Filming begins today in Brooklyn on scenes depicting the abuses at Iraq’s Abu Ghraib prison for “Memorial Day,” a film backed by REM’s Michael Stipe and the producers of the Oscar-nominated 2004 movie “Maria Full of Grace.”
The drama-documentary follows a group of American GIs from a depraved holiday party — with date rape and fraternity-style binge-drinking — to military jails in Iraq where, according to the film’s publicity material, “M-16s, peer pressure, fear, sexual obsessiveness, and sexual humiliation (among the soldiers) create a giddy, bloodthirsty, frat-house atmosphere” where “torture is a party and partying is war.”
“It’s sort of like ‘Girls Gone Wild’ meets Abu Ghraib,” the director, Josh Fox, told The New York Sun. Indeed, one of the themes of the film will be pornography because, Mr. Fox said, the sexual nature of the Abu Ghraib images is their true significance.

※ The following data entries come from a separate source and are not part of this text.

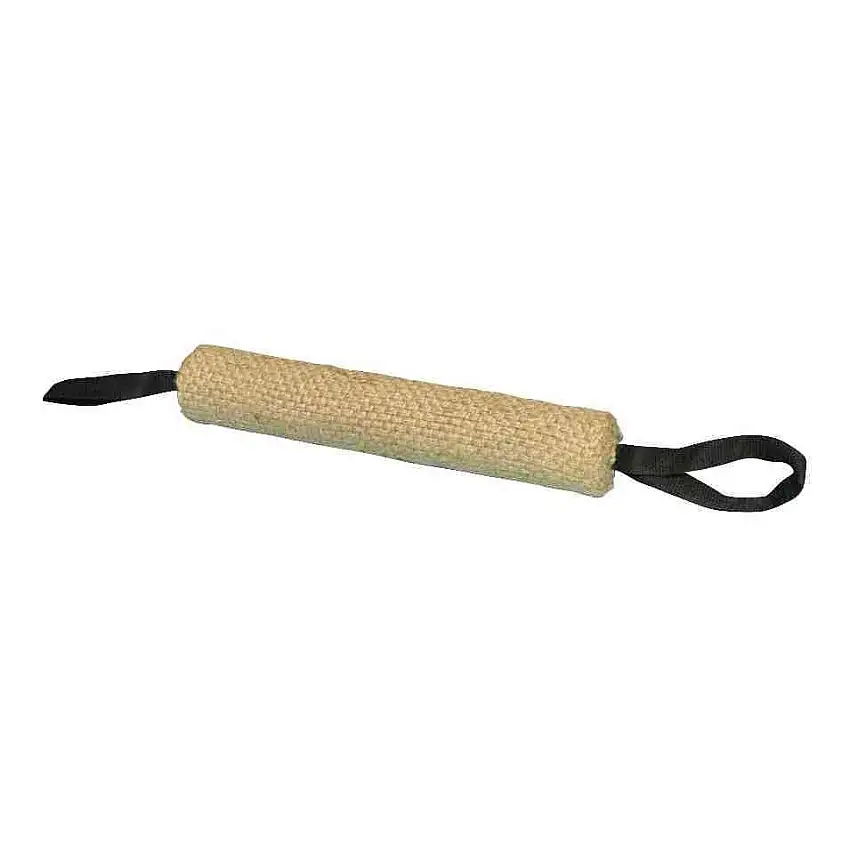 Juguetes de yute para adiestramiento de perros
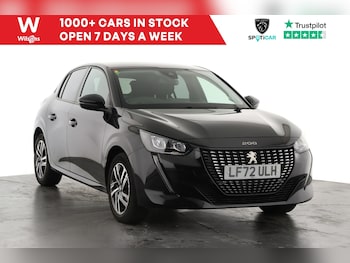 Used Peugeot 208 2022 for sale - 76037666: Photo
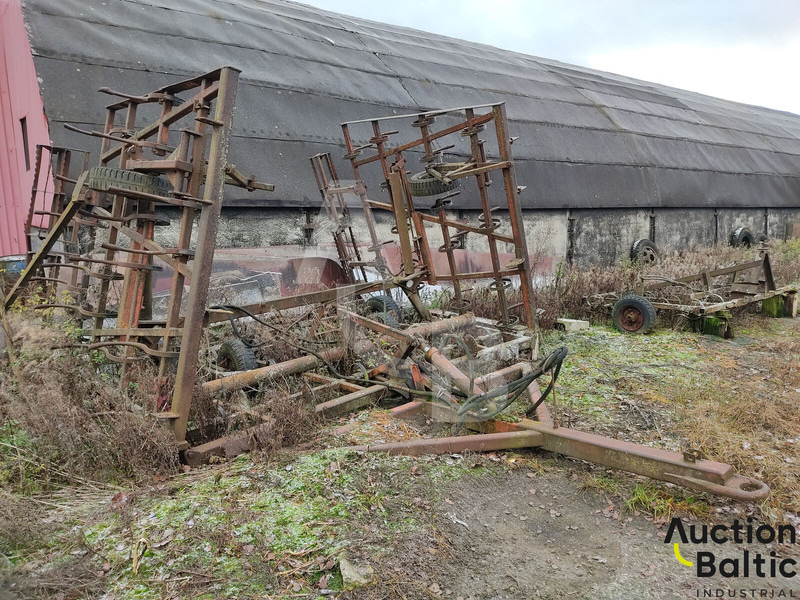 Onbekend Cultivator - Kultivator: slika 1 Onbekend Cultivator - Kultivator: slika 1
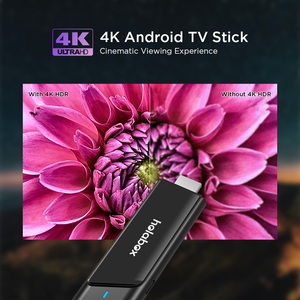 Uuvision T600 2GB + 16GB Android TV Stick 8K Android 14.0 2GB + 16GB bằng giọng nói từ xa Wifi 6 thông minh TV Dongle - Product Image 3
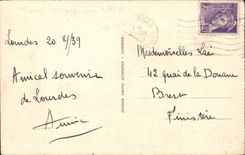 Lourdes CPA swimming pools and Gave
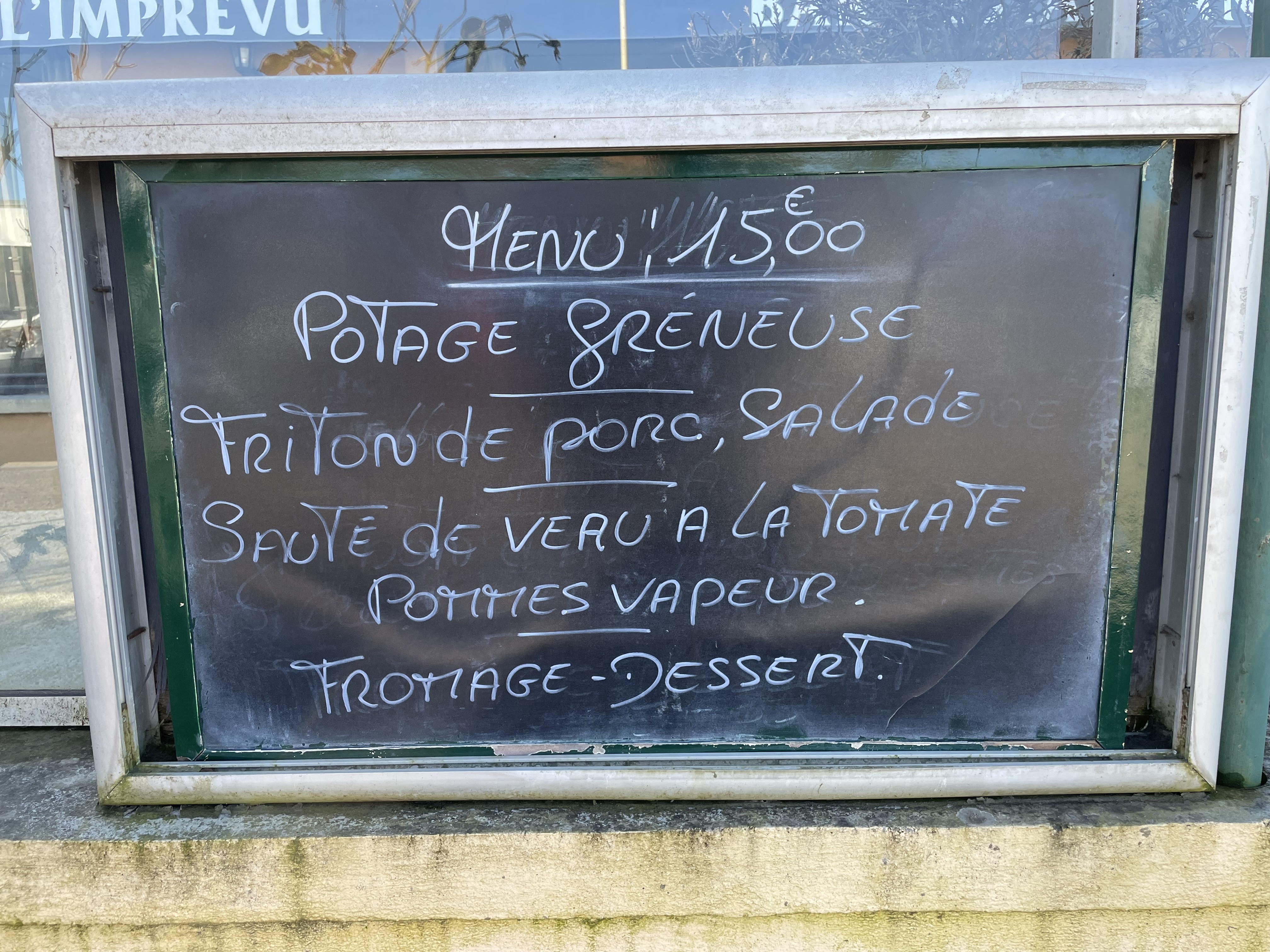 Photo n° 1 de l'avis de daniel.a fait le 05/02/2024 à 12:06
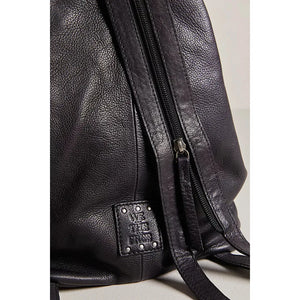 Free People We The Free Soho Convertible Sling in Black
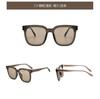 Doctor Loli gafas de sol de moda populares estilo coreano gafas de sol ojo de gato GM gafas de sol para hombres y mujeres con gafas de sol para miopía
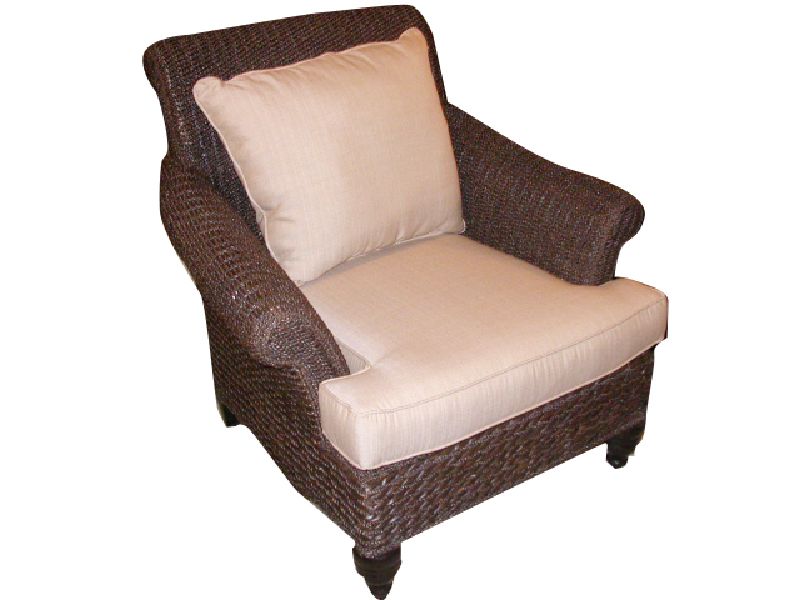 Lawrence Hemp Woven Chair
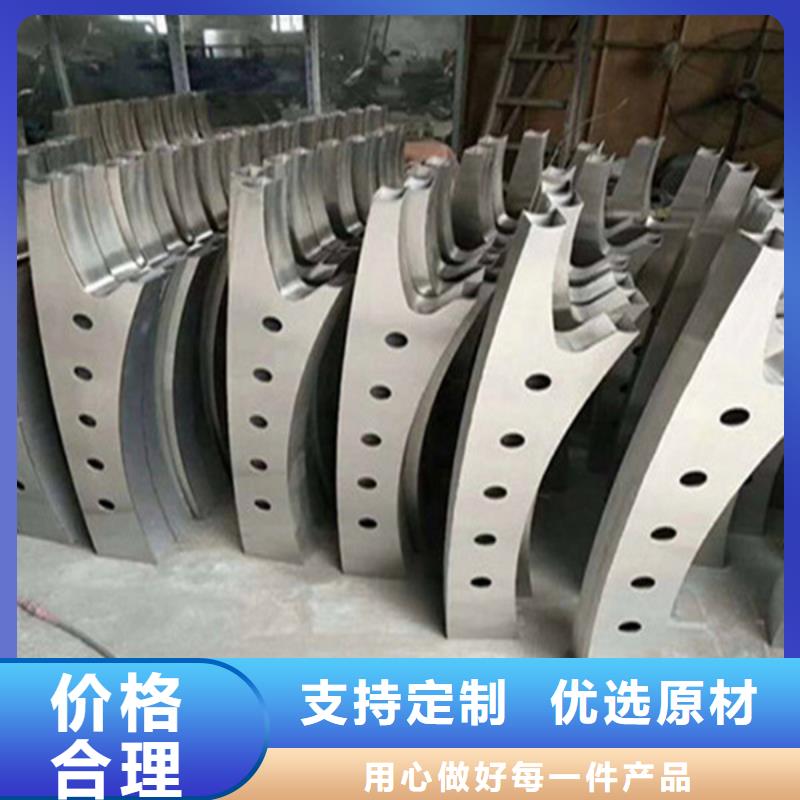 护栏立柱,桥梁栏杆工艺成熟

“These are by far the most-seen images from the Iraq war. When you think about why they’re so incredibly popular — for the lack of a better word — you have to conclude that it’s because they are sexual. It’s not [simply] because they are horrifying,” he said.
Adapted from the dramatic performance “The Comfort and Safety of Your Own Home,” staged by Mr. Fox’s theater troupe, International WOW, in 2004, “Memorial Day” doesn’t seek to replicate the events at Abu Ghraib so much as explain why they happened.

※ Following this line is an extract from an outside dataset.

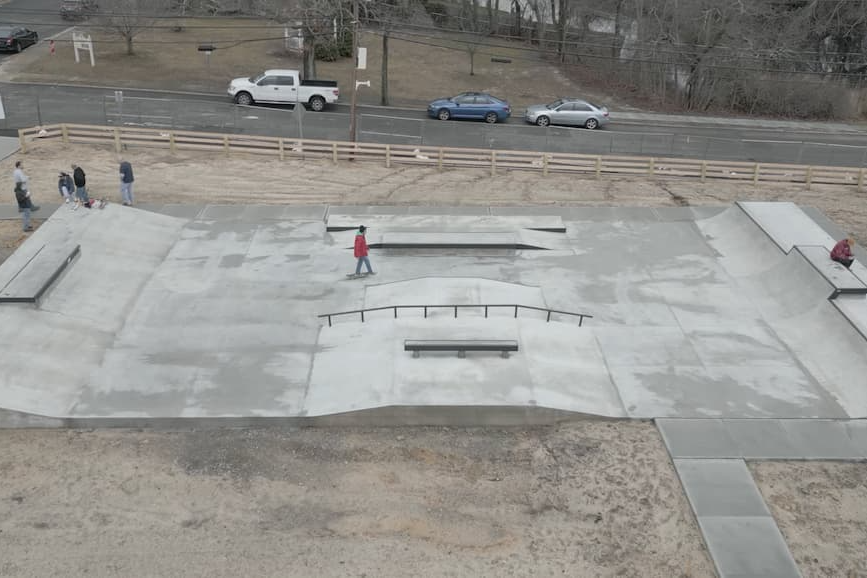 From Concept to Completion: Billy’s Park in Blue Point, NY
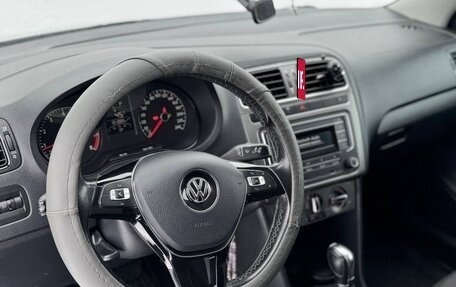 Volkswagen Polo VI (EU Market), 2019 год, 1 390 000 рублей, 16 фотография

“What is it about us” as Americans “that makes us want to do these things?” Mr. Fox asked.
With that in mind, “Memorial Day,” Mr. Fox’s debut as a film director, has attracted some prominent funders, including Journeyman Pictures, producers of “Maria Full of Grace” and this year’s “Half Nelson,” as well as Jim McKay and Mr. Stipe’s C-Hundred Film Corporation, which produced 1999’s “American Movie” and 2004’s award-winning “Brother to Brother.”

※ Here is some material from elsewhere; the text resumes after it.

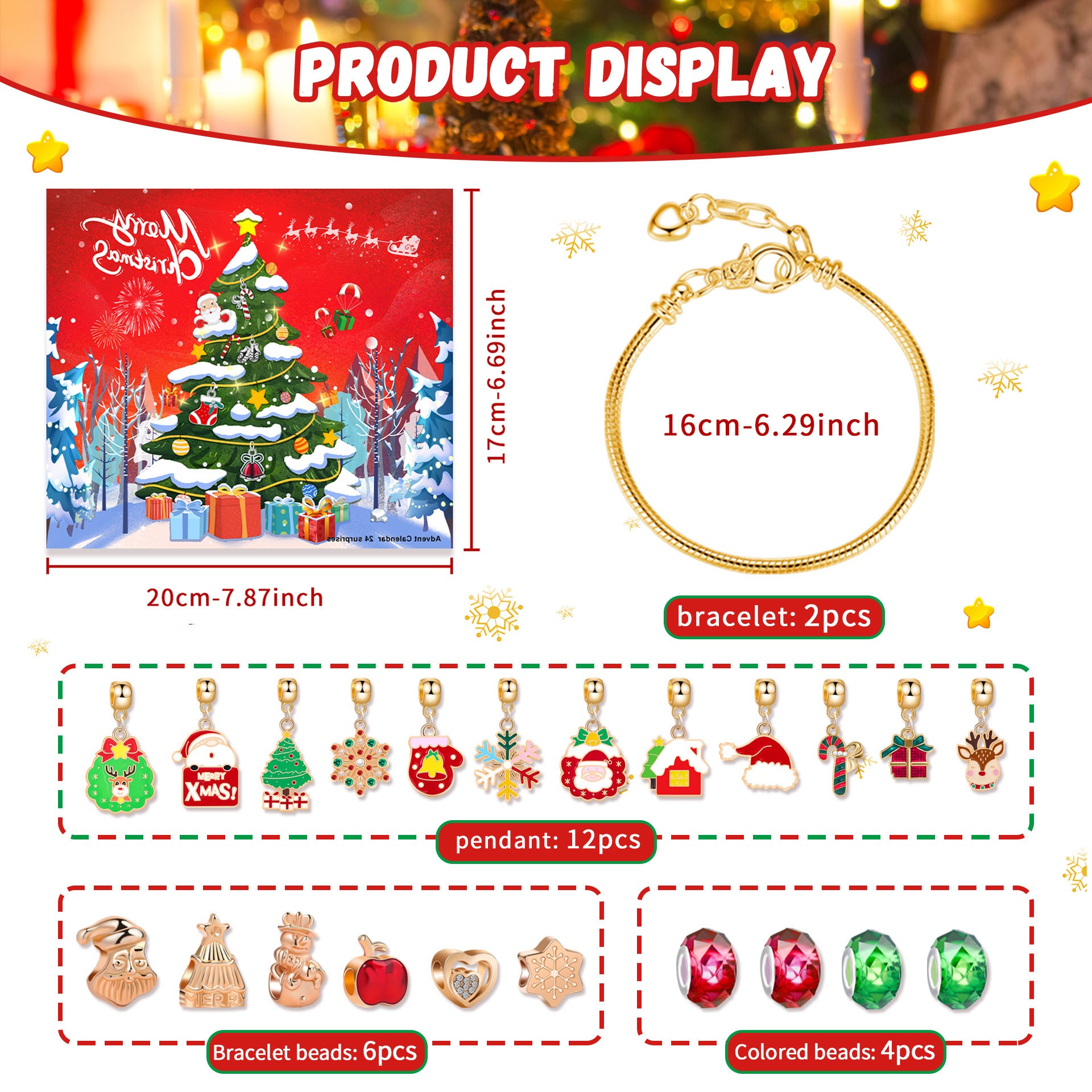 Christmas Countdown Calendar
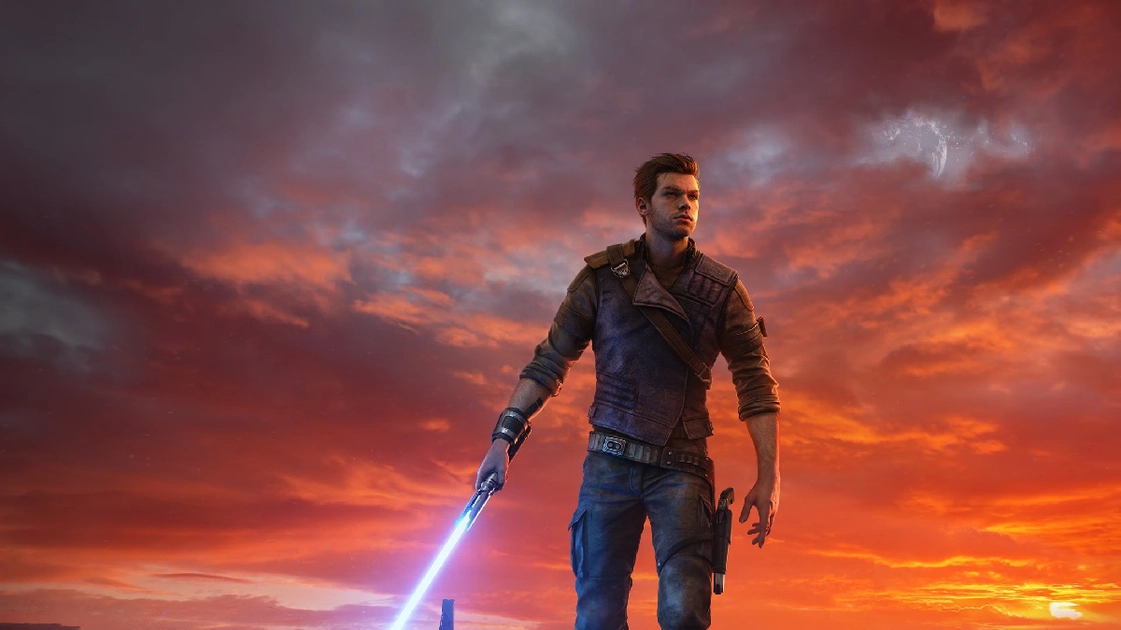 First look at the main art of Star Wars Jedi: Survivor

“It’s an amazing convergence of like minds,” Mr. Fox said. “Michael and Jim are incredibly great dramaturgs, advisers — and very daring.”
Still, Mr. Fox has had to resort to a mass e-mail to find extras for his Abu Ghraib re-creation. After all, he said, “it’s very hard to find people who are willing to do what is in those pictures.”
Under the heading “Get naked for peace and justice,” the e-mail said, “We need a few (hundred) good men. To get naked, put a bag on their head, and lie around a prison for a few hours in pools of blood and possibly in strange human pyramids. While other actors smile and make fun of you!”
Since the e-mail went out, “we’ve gotten tons and tons of responses,” Mr. Fox said. Shooting for those scenes begins today and continues over the next two days at the Brooklyn Navy Yard.
Mr. Fox said he expects the film to be ready to make the festival rounds in early 2007, with a tentative nationwide release scheduled for Memorial Day.
Although International WOW is a member of the anti-war coalition Theaters Against War, Mr. Fox said the film does not have an explicitly anti-war message. It is more of a commentary on the culture’s relationship to pornography, he said.
“This film does not seek to condemn Abu Ghraib as much as it seeks to explain it,” Mr. Fox said. “I wouldn’t call this film an anti-war film. … War is one of those things that people do, but … the fact that porno has gone mainstream has done a lot to the way we perceive sexual relations. It’s a gigantic change in our culture.”
In light of this, he added, “This overtly sexualized torture is not a surprise.”